● **Exercise aim**: All of the data must be output exactly, with every picture left out.
____
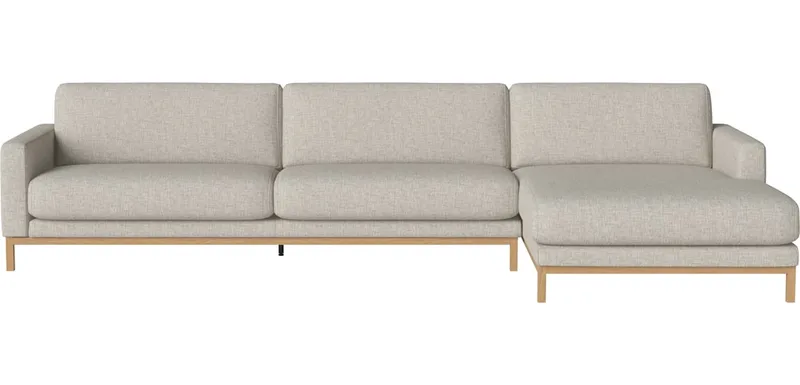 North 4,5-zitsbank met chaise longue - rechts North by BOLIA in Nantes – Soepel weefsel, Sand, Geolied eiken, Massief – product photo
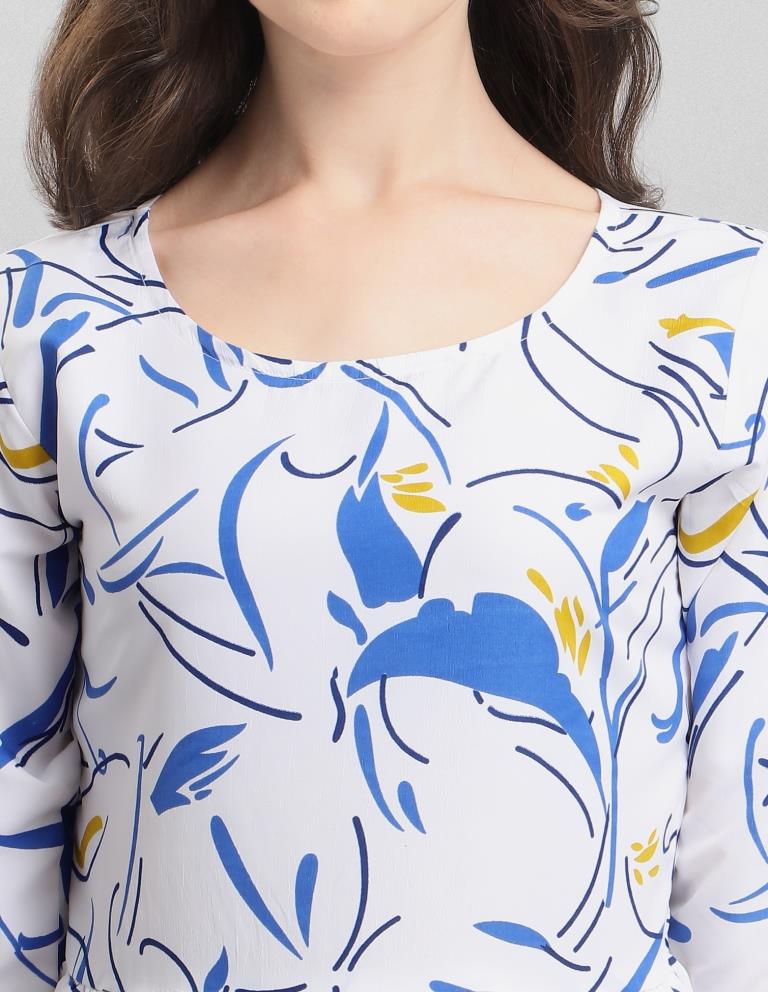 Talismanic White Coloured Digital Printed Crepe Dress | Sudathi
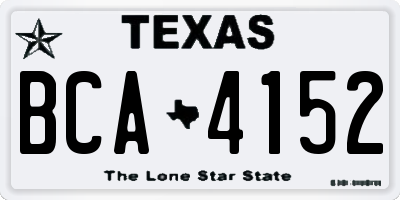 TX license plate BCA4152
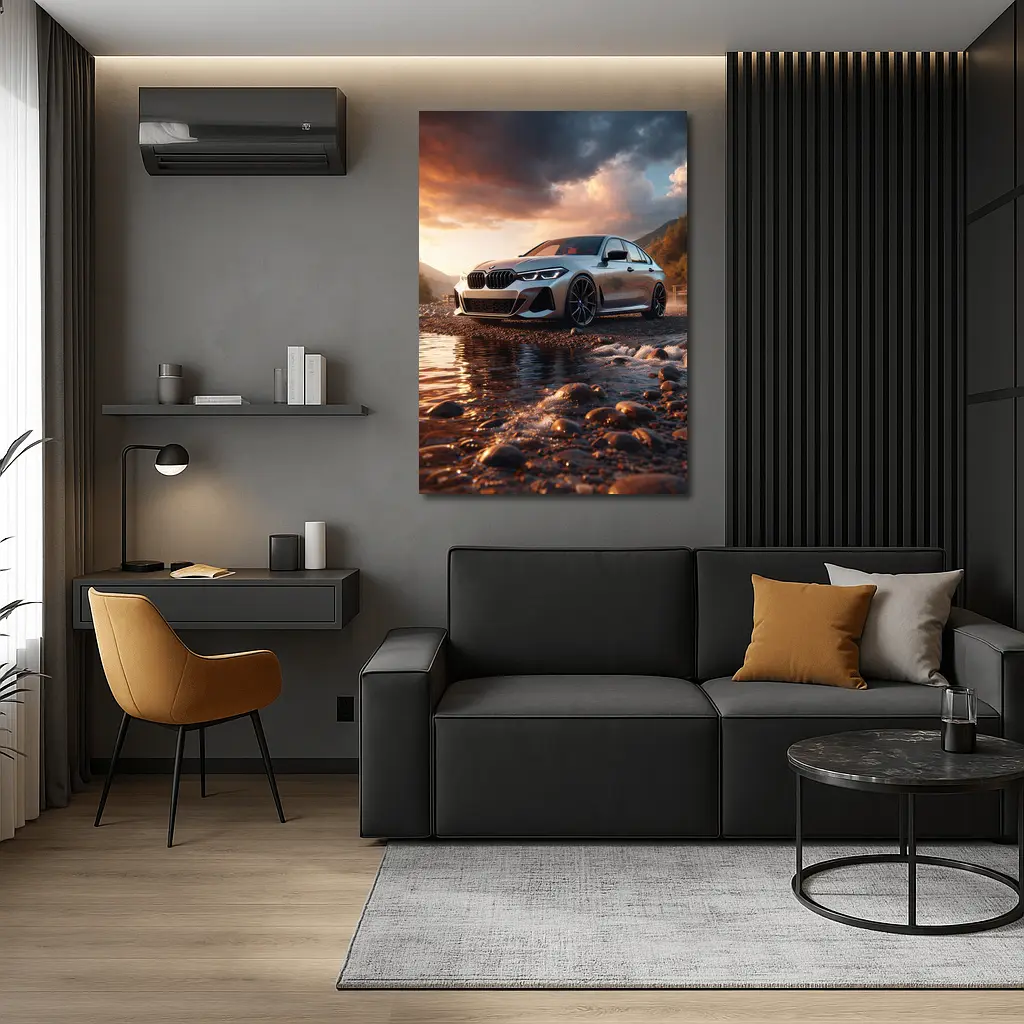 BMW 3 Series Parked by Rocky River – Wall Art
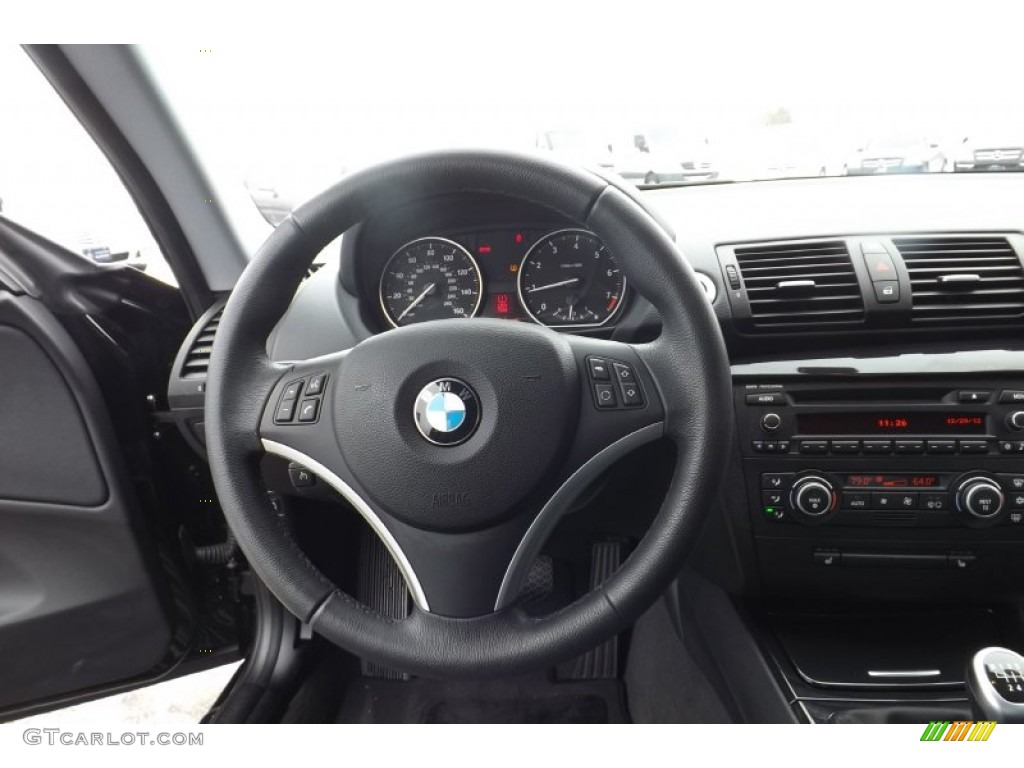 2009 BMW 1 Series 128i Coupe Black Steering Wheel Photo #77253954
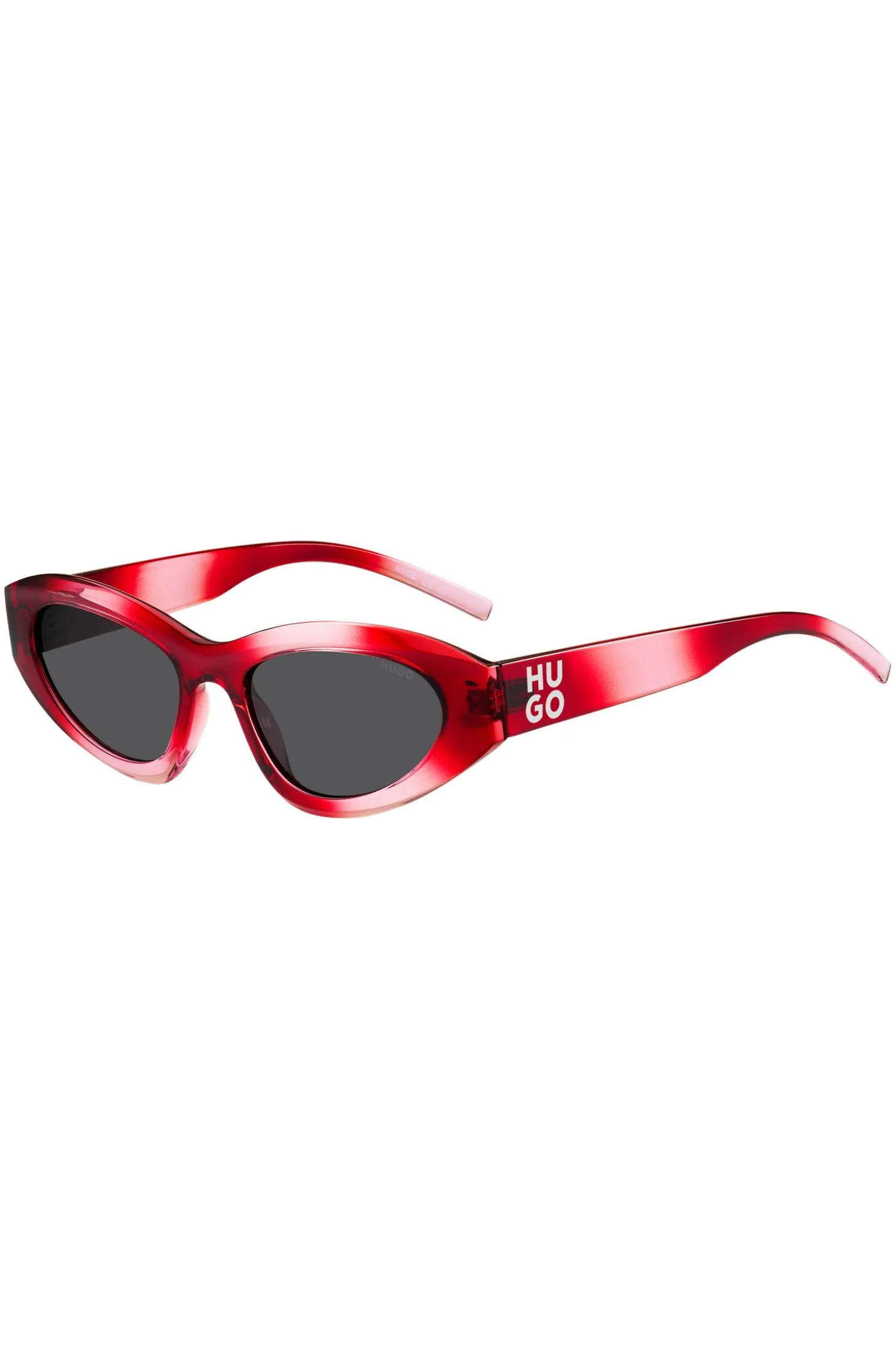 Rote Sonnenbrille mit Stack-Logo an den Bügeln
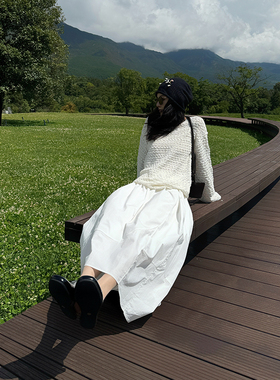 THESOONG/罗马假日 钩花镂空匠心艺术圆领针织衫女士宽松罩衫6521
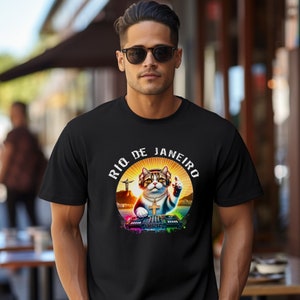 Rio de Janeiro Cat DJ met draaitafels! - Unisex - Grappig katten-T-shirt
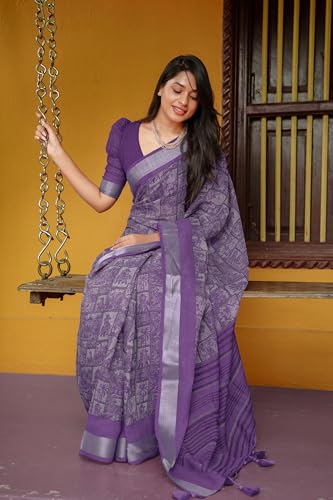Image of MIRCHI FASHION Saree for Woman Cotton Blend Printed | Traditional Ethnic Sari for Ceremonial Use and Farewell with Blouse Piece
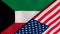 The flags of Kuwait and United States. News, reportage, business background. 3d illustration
____
● **Task result**:
 North 4,5-zitsbank met chaise longue - rechts North by BOLIA in Nantes – Soepel weefsel, Sand, Geolied eiken, Massief – product photo
 Talismanic White Coloured Digital Printed Crepe Dress | Sudathi
 TX license plate BCA4152
 BMW 3 Series Parked by Rocky River – Wall Art
 2009 BMW 1 Series 128i Coupe Black Steering Wheel Photo #77253954
 Rote Sonnenbrille mit Stack-Logo an den Bügeln
 THESOONG/罗马假日 钩花镂空匠心艺术圆领针织衫女士宽松罩衫6521
 Rio de Janeiro Cat DJ met draaitafels! - Unisex - Grappig katten-T-shirt
Image of MIRCHI FASHION Saree for Woman Cotton Blend Printed | Traditional Ethnic Sari for Ceremonial Use and Farewell with Blouse Piece
 The flags of Kuwait and United States. News, reportage, business background. 3d illustration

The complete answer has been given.